> Exercise instructions:
Please write out the lines of the data exactly, beginning with the first and ending with the line containing "Number eight: for"; leave the pictures behind.

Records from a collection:
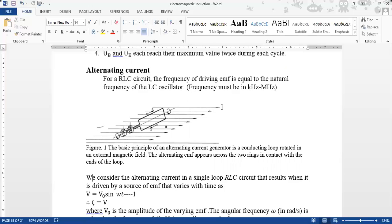Let's start our topic. We have taken an RLC circuit — a circuit which has a resistor, a capacitor, and an inductor connected together. The frequency of the driving EMF we are giving equals our LC oscillator, which has inductors and capacitors.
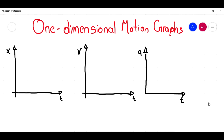Hi guys. Welcome to another video of Physics 2. In this case, I'm going to talk about the one-dimensional motion graphs.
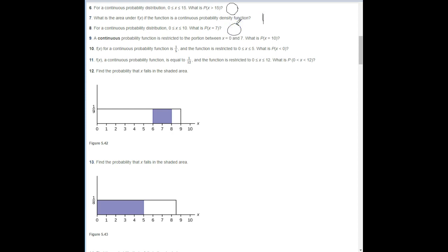Number eight: for a continuous probability distribution where X is between 0 and 10 inclusive, what's the probability that X equals 7? Remember, if X equals 7 then the base is 0, and 0 times anything is 0, so the probability that X is 7 is 0.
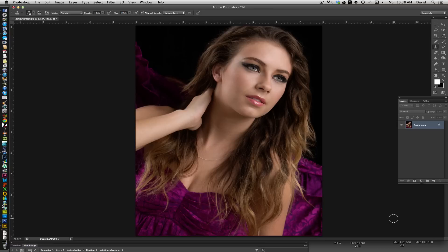Hi, this is David and thanks for checking out my video. With this video what I wanted to show you is a softening technique we use in our studio all the time where it allows you to soften without doing any damage to the original image. It also allows you complete control so you can soften specific areas of the image without necessarily softening the whole thing.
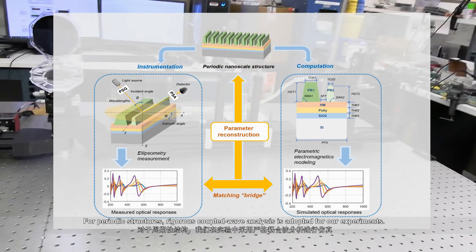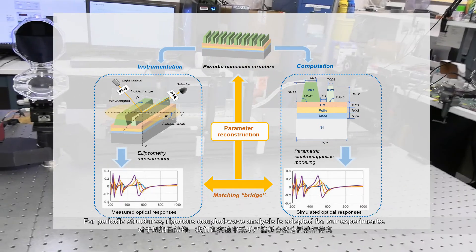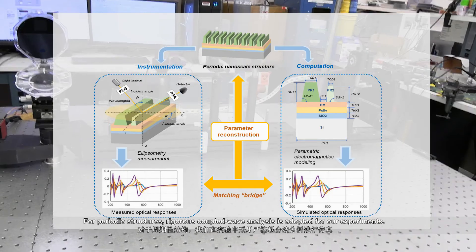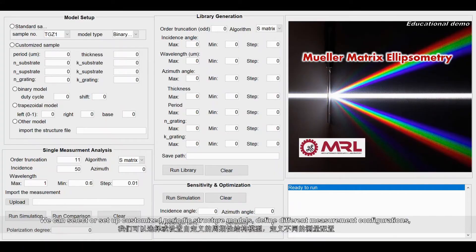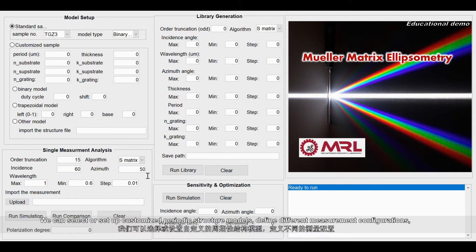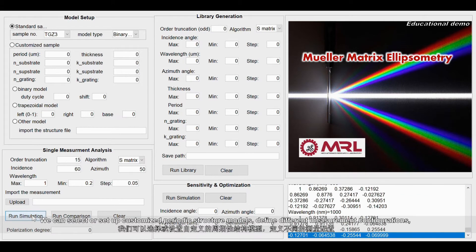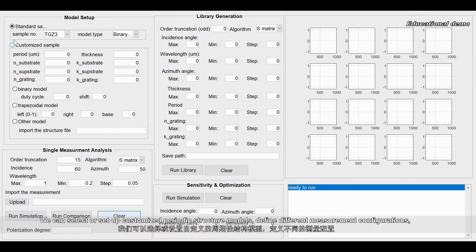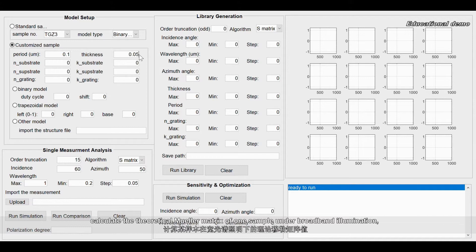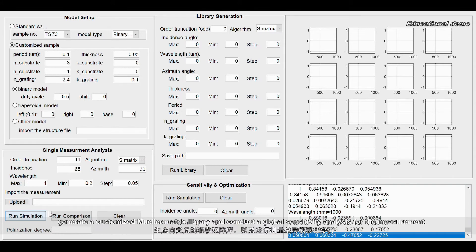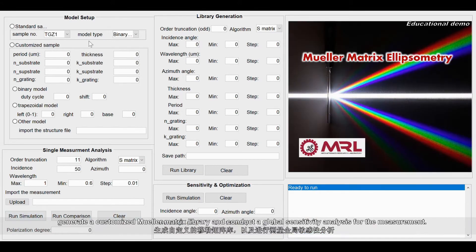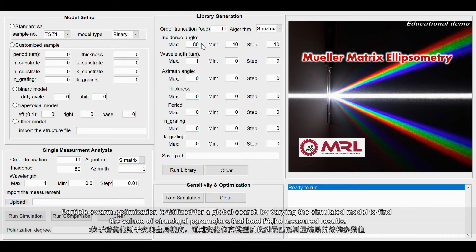For periodic structures, rigorous coupled wave analysis is adopted for our experiments. We can select or set up customized periodic structure models, define different measurement configurations, calculate the theoretical Mueller matrix of one sample under broadband illumination, generate a customized Mueller matrix library and conduct a global sensitivity analysis for the measurement.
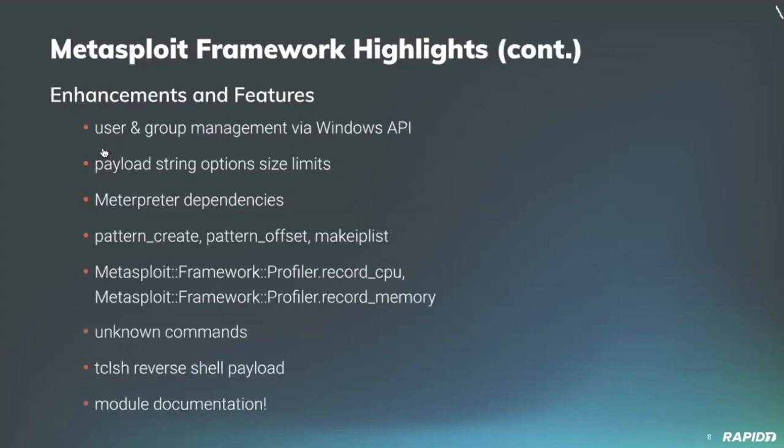As usual, a lot of other valuable work going on outside of the modules. Community contributor C and Cali team added the ability to manage local and domain Windows users and groups via the Windows API over Meterpreter, also updating a few modules to replace OS command execution with calls to the new code. Very cool.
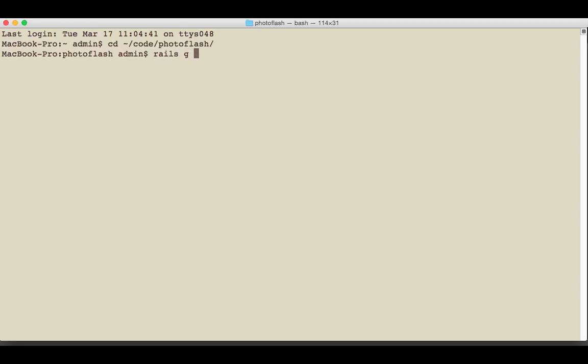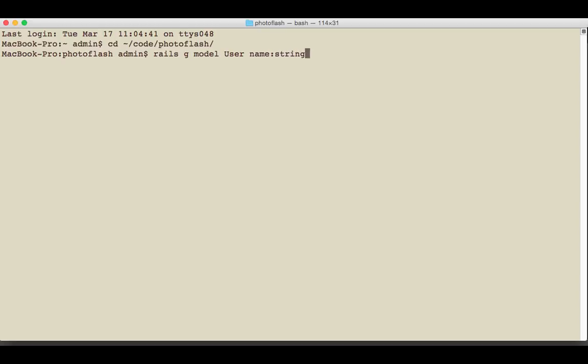So I'm going to do rails g model and I'm going to call this one user. I'm just going to give the user a name which is going to be a string, then an email which is also going to be a string, and a password.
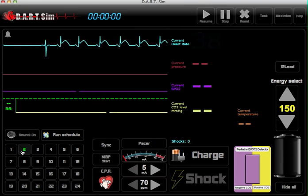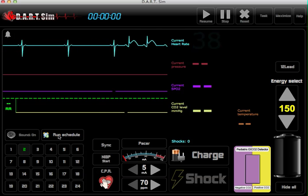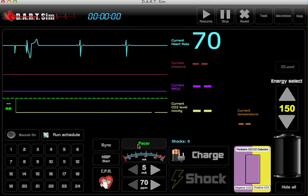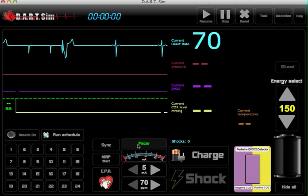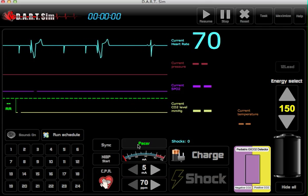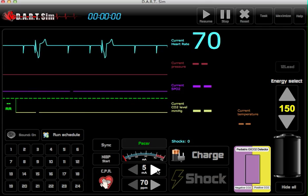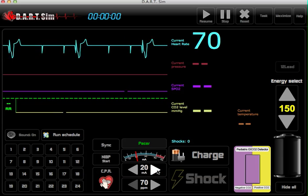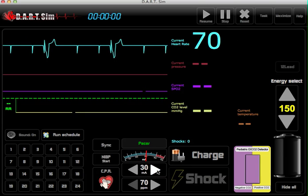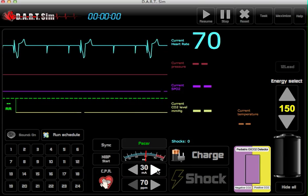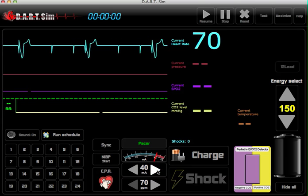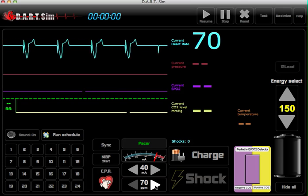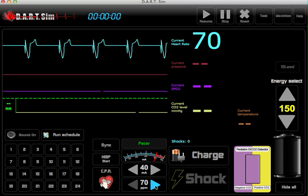We also have a pacer function. Once the pacer is activated, you then have to increase the milliamps in order to see full capture. And once you have full capture, you can also adjust it right here below.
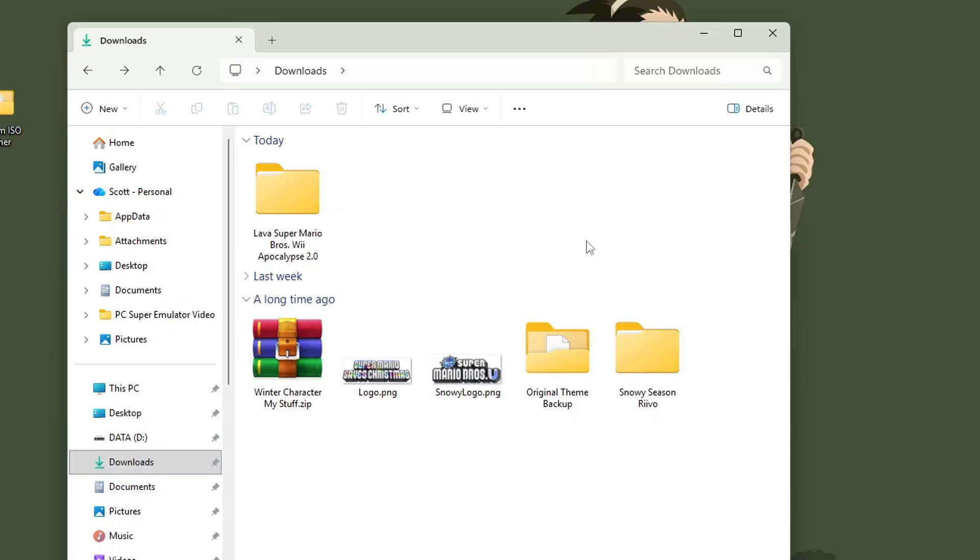The first one I'm going to do is Dolphin Setup. So if you're here for another one, if you're setting it up on Wii or the ISO patcher, check the timestamps and skip ahead. But before I show you that,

> Response:
Let's start our topic. We have taken an RLC circuit — a circuit which has a resistor, a capacitor, and an inductor connected together. The frequency of the driving EMF we are giving equals our LC oscillator, which has inductors and capacitors.
Hi guys. Welcome to another video of Physics 2. In this case, I'm going to talk about the one-dimensional motion graphs.
Number eight: for a continuous probability distribution where X is between 0 and 10 inclusive, what's the probability that X equals 7? Remember, if X equals 7 then the base is 0, and 0 times anything is 0, so the probability that X is 7 is 0.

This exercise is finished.